GIVEN ENTRIES:
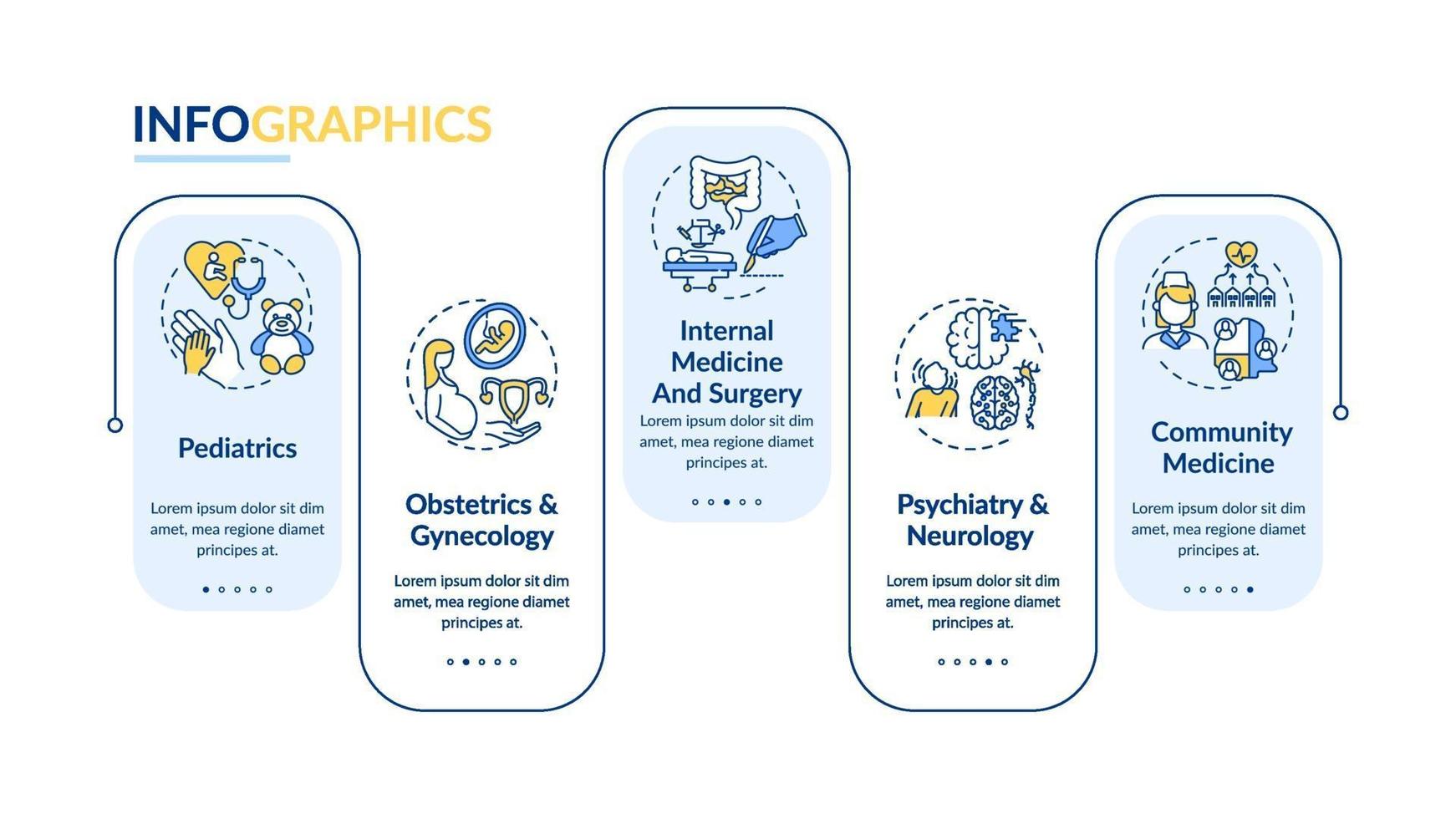 huisartsgeneeskunde componenten vector infographic sjabloon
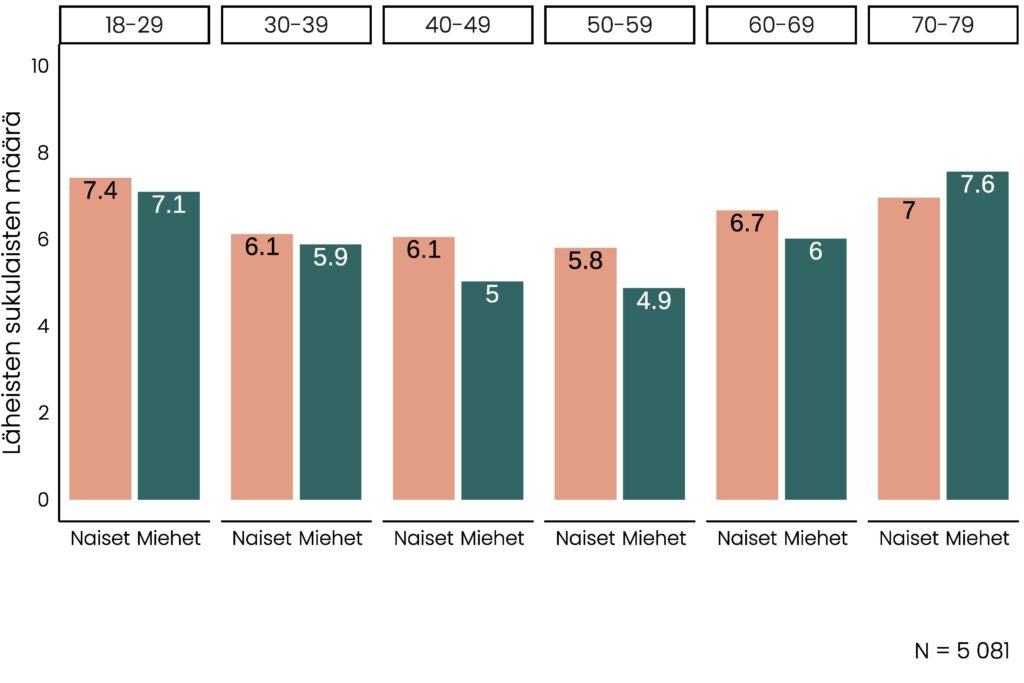 Iän ja sukupuolen mukaan ryhmitelty pylväskuvio, jonka olennainen tietosisältö on kerrottu tekstissä.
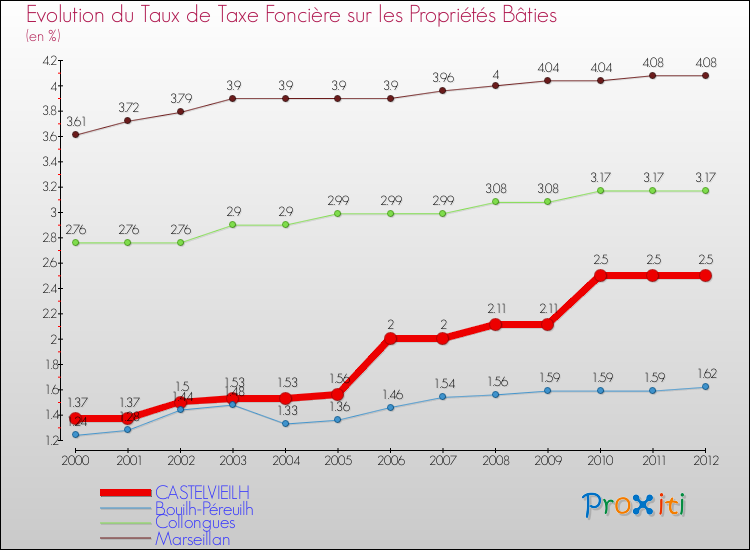 Evolution du taux de la taxe foncière sur le bati pour CASTELVIEILH et les communes proches de 2000 à 2012 Comparaison des taux de taxe foncière sur le bati pour CASTELVIEILH et les communes voisines de 2000 à 2012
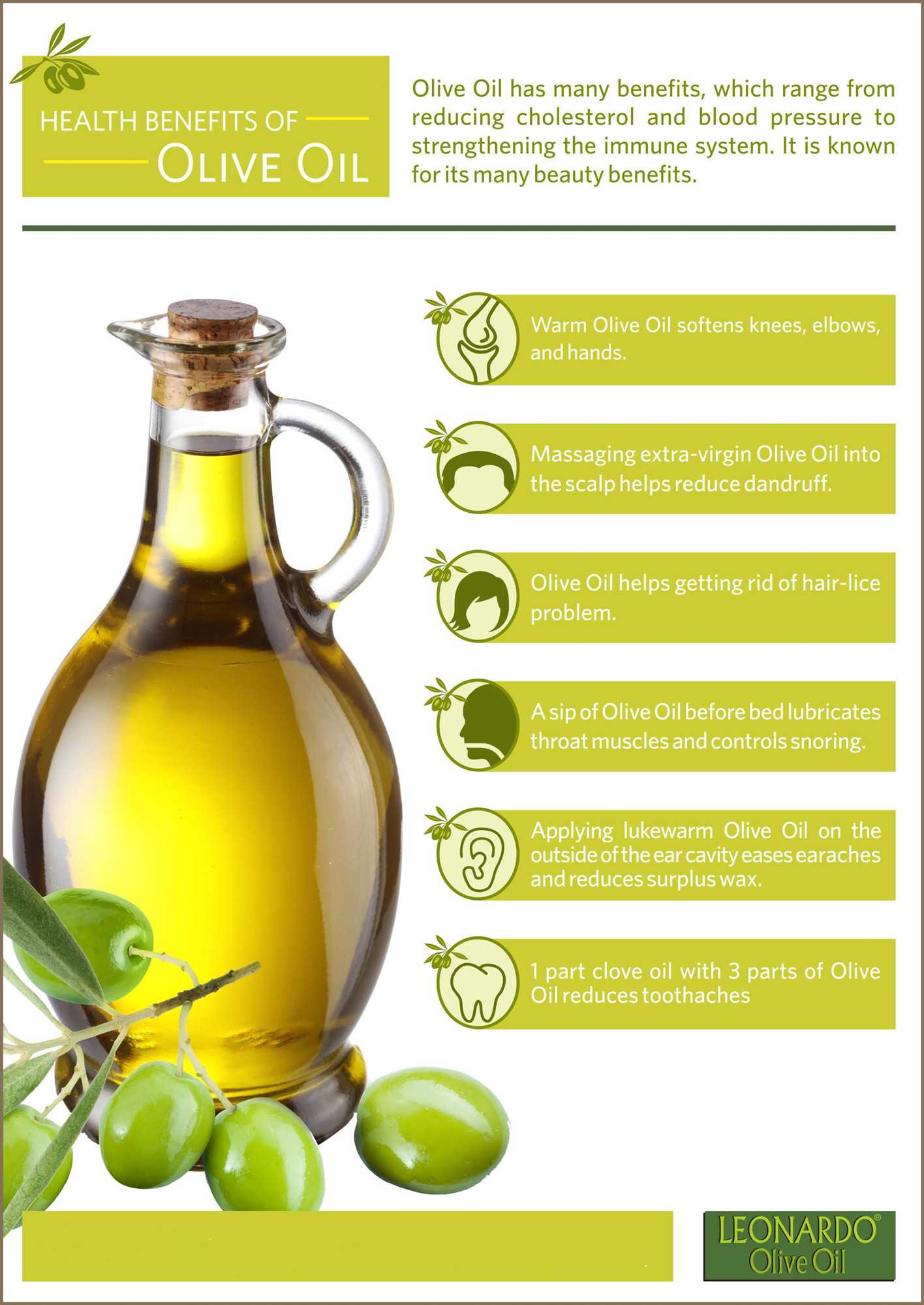 Оливковое масло против растяжек при беременности
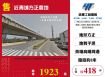 近青埔方正農地 ( ET02849 )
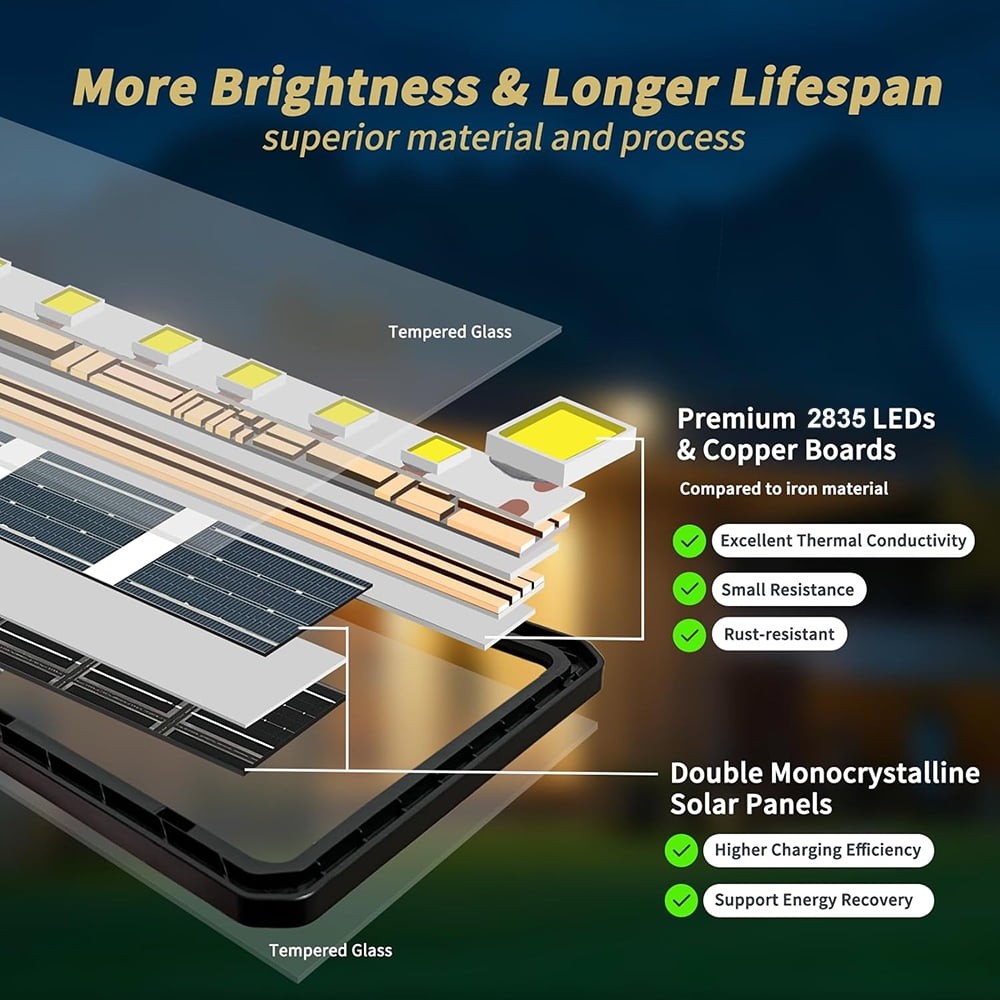 OCEST Solar Street Light Outdoor, 66000 Lumens, Double-Sided Monocrystalline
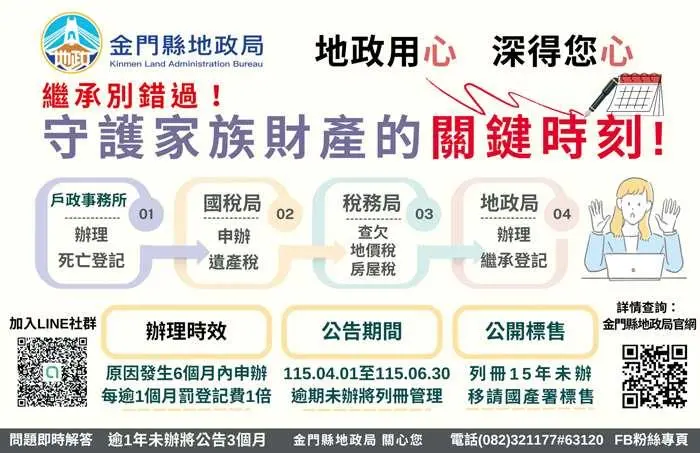 金門祖產恐充公?地政局急籲:115年未辦繼承登記4月1日起公告,逾期將標售!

ASSIGNED TASK:
The copy should hold exactly the lines from the line containing "OCEST Solar Street" through the last line of the records, both included, and no pictures or other lines.

TASK OUTPUT:
 OCEST Solar Street Light Outdoor, 66000 Lumens, Double-Sided Monocrystalline
 金門祖產恐充公?地政局急籲:115年未辦繼承登記4月1日起公告,逾期將標售!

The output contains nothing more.